To characterize how curated molecules populate an odorous chemical space, the data set was embedded with principal component analysis (PCA)37,38 on RDKit descriptors,39 with projections shown in Fig. 3b. RDKit descriptors, in this case, comprised 217 structural, physicochemical, and topological parameters of molecules, such as molecular weight, octanol–water partition coefficient (log
P), or the number of heteroatoms. PCA maps this correlated descriptor space to orthogonal principal components ranked by explained variance, enabling faithful visualization on a reduced set of axes for inspection. For context, an odorous background of 52
457 compounds was constructed by downsampling the GDB-17 database and retaining molecules with predicted odorous probability larger than 50% according to the best-performing model of Mayhew et al.2 Comparable qualitative structure is recovered when (i) excluding the odorous background, (ii) substituting UMAP (Uniform Manifold Approximation and Projection for Dimension Reduction),40 a non-linear dimensionality reduction method, for PCA, and (iii) swapping RDKit descriptors for circular fingerprints (Morgan bit- and count-based), with results of all alternatives reported in the SI in Fig. S2–S4. As can be seen from Fig. 3b some odorless and low-strength entries fall outside the background space, consistent with mass-transport constraints that bound olfactory space. Coverage is broad but not uniform; PubChem- and Good Scents derived entries concentrate in specific areas, reflecting the data set's deliberate emphasis on perfumery-relevant chemotypes. The PCA and UMAP representations visualized by data source are shown in the SI in Fig.
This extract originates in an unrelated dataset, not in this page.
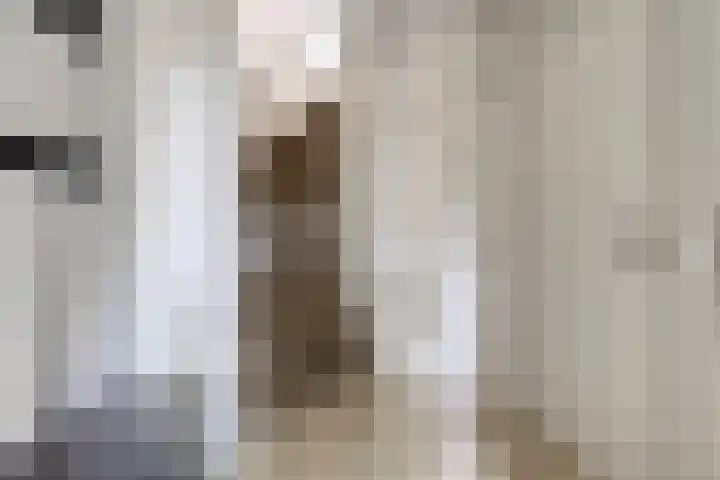 Grasheuvel 12 Best thumbnail 5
S4.
Another salient pattern is that odor strength categories do not resolve into distinct clusters but instead overlap substantially in the descriptor space. This makes conventional clustering algorithms, that do not use labels but cluster data solely on input features, inaccurate for separating molecules by their odor strength. We justified this assumption by evaluating several clustering algorithms, including K-means,41 Gaussian mixture models,42 density-based spatial clustering of applications with noise (DBSCAN),43 spectral,44,45 and agglomerative46 clustering. No groups corresponding to odor strength were formed. Additional information can be found in the SI in Section S1.3, including evaluation metrics (adjusted rand index, normalized and adjusted mutual information) in Table S2 and the best clustering result in Fig. S7.
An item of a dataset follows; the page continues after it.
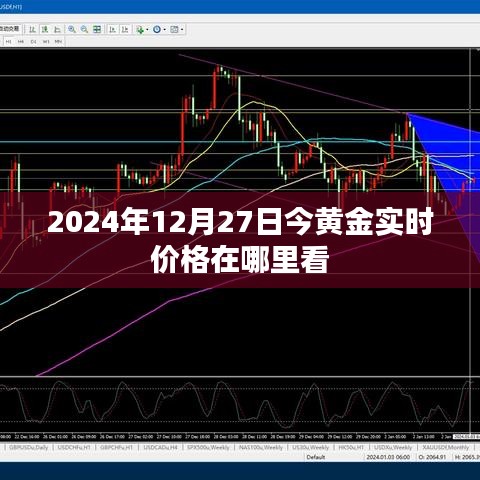 2024年黃金實(shí)時(shí)價(jià)格查詢指南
To analyze which features are most important for data separation, the feature importance of the principal components was analyzed. The corresponding PCA loadings indicate that the first principal component is primarily influenced by features, which describe molecular weight, size, and connectivity. The second principal component reflects contributions from heteroatoms and polarity. The exact distribution of the top 15 features to the different principal components can be found in the SI in Tables S3 and S4. These features are major factors governing mass transport of molecules from odor source to olfactory receptors. This observation aligns with findings of Mayhew et al., who showed that the mass transport is key for determining whether molecules are odorous or not. Consequently, the chemical space occupied by odorous molecules becomes progressively narrower as odor strength increases, which reflects the tighter constraints imposed by volatility and polarity. Further visualization plots underlying this claim can be found in the SI in Fig. S5 and S6.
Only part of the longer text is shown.